Another prequel to Breaking Bad that occurs prior to Better Call Saul’s eventual unveiling of additional details on the enigmatic character. To be honest, though, going in this path would run the risk of humanising him—a mistake that even Better Call Saul verged on.
While he’s having emotional difficulties in a wine bar, it’s easy to forget that he’s a nasty drug lord who cuts people’s throats. Even yet, it would be fascinating to learn how he became such a monster and how he established such a vast empire. The riddle of how he managed to get all the equipment into the superlab on Breaking Bad might be resolved if the spinoff followed the same prequel/sequel structure as Better Call Saul.
In one of the most well-liked episodes of Better Call Saul, “Five-O” (season 1, episode 6) primarily takes place in the past, with Jonathan Banks’ character Mike Ehrmantraut exacting revenge on two police officers for the death of his son.
This was the closest viewers were going to get to witness Mike as the gruff, dishonest Philadelphia police officer that the show has repeatedly hinted at. However, a prequel to Better Call Saul about Mike that takes place decades in the past may properly explore and develop that part of the character.

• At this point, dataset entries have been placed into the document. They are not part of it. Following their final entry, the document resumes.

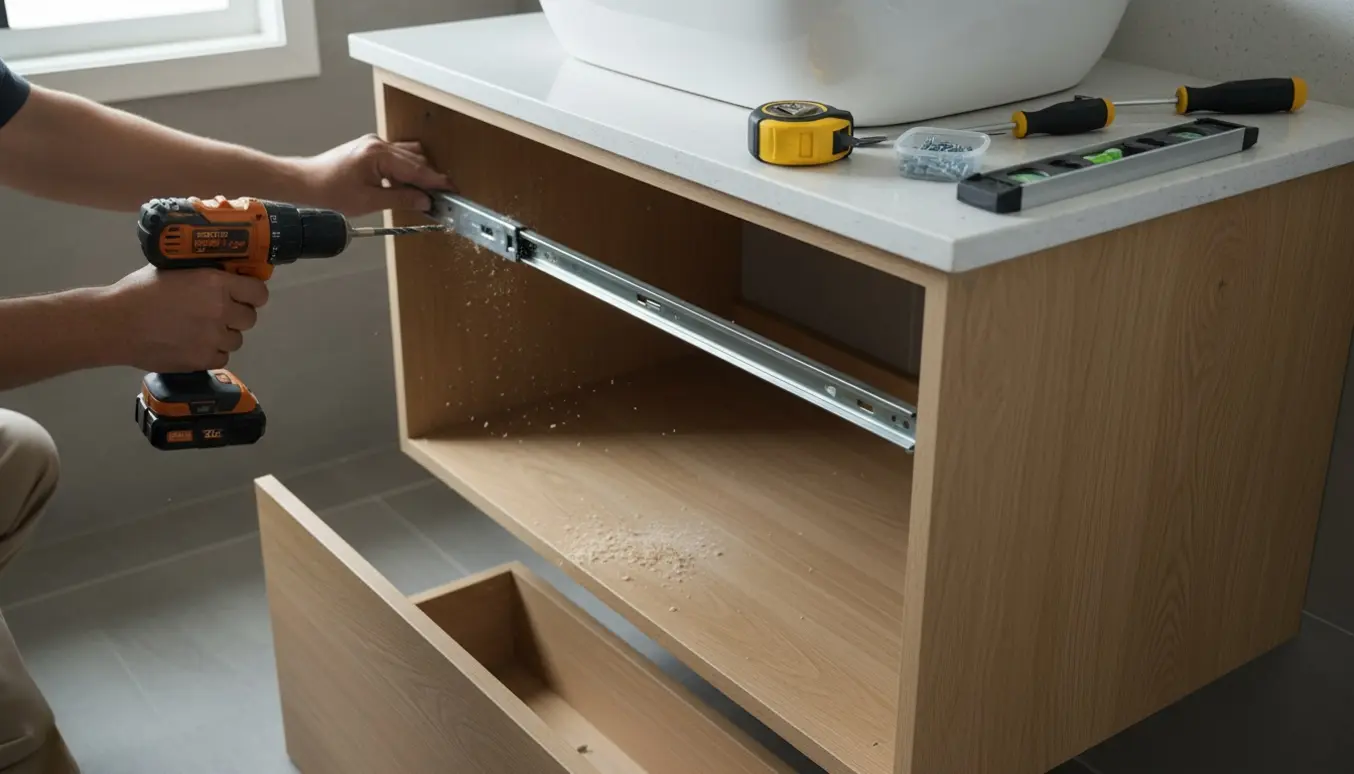 Nærbillede af hænder, der borer nye huller og monterer skuffer i et væghængt badeværelsesmøbel uden forborede huller.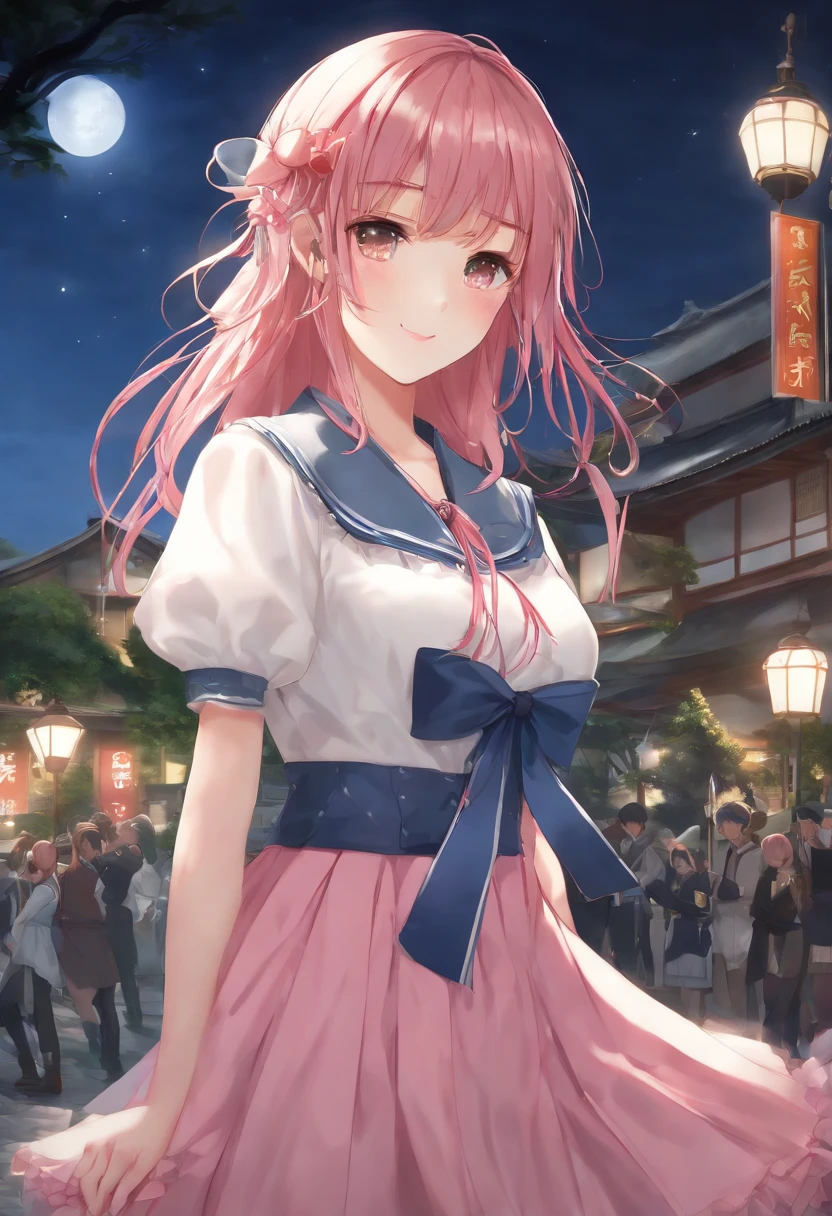 (((Masterpiece: 1.5, Best quality, high resolution: 1.3, Super resolution, Super detail, Super detail: 1.3, Rich background: 1.2))), 1 girl, Solo, Green eyes, Long pink hair with blue ribbon, Blunt bangs, cute hairpin, school uniform, White Serafon, Red sailor collar, Short sleeves, Blue pleated skirt, huge tit；(En plein air), ((Downtown), (crowd), ((Japanese atmosphere: 1.3)), landscape, ((Night)), Darkness, (Low light: 1.1), Moon, (Moonlight: 1.2), ((Dynamic light: 1.4)), ((Head close-up))))))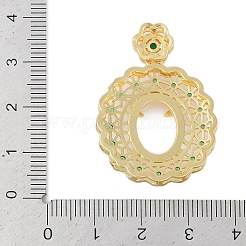 Oval Brass Micro Pave Cubic Zirconia Pendant Cabochon Settings&nbsp;KK-U026-03G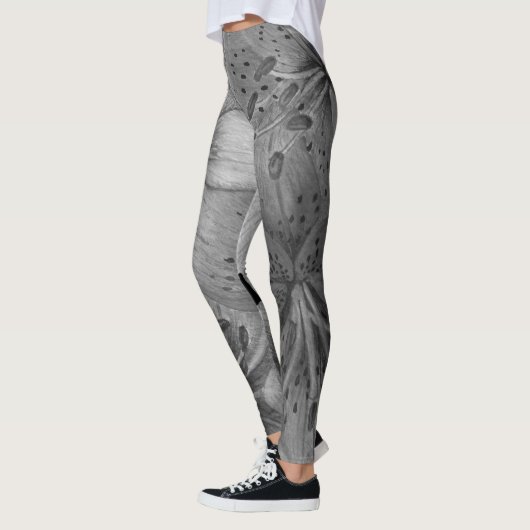 groot bloempatroon contemporeus zwart-wit leggings (Links)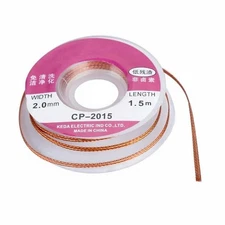 2mm x 5ft Desoldering Braid Wick Solder Remover w/ No Residue Rosin Flux US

3. Mike’s life as a Philly Cop back in the early 70’s.
The franchise’s most welcome sequel to Better Call Saul would be a spinoff prequel about Mike since it would have a completely new tone from anything that has come before it. It would have a very different aesthetic if it were situated in a big city rather than the Albuquerque desert.
Better Call Saul was set in the early 2000s, but as Mike is in his early 60s in the show, a spinoff on him would also have a suitable time setting, maybe in the early 1970s. Since the new character would need to be much younger than the one from Better Call Saul, it would also be the first main character in the series to be recast.
4. Jimmy’s survival in prison.
Like with Jesse, Jimmy’s tale has concluded with Better Call Saul, but it can go on in other ways. Given Jimmy’s 86-year sentence, a prison drama series in the Breaking Bad universe would make sense.
To be honest, a jail drama on Jimmy’s incarceration doesn’t even need to be a distinct programme. Better Call Saul may still remain the name of the season, but it may be a legacy installment that airs ten or more years after season six, a la Twin Peaks: The Return or Prison Break.
Even if Better Call Saul’s finale was ideal, a seventh season might still work provided there is enough time between episodes before they return.
The episode “Saul’s Gone” from Better Call Saul season 6 hinted to Jimmy’s lifelong imprisonment, but it’s possible that everything could work out okay because the individuals he shielded from harm will look out for him inside. Alternatively, Heisenberg’s former friends might be imprisoned with him, which would make for some awkward reunions.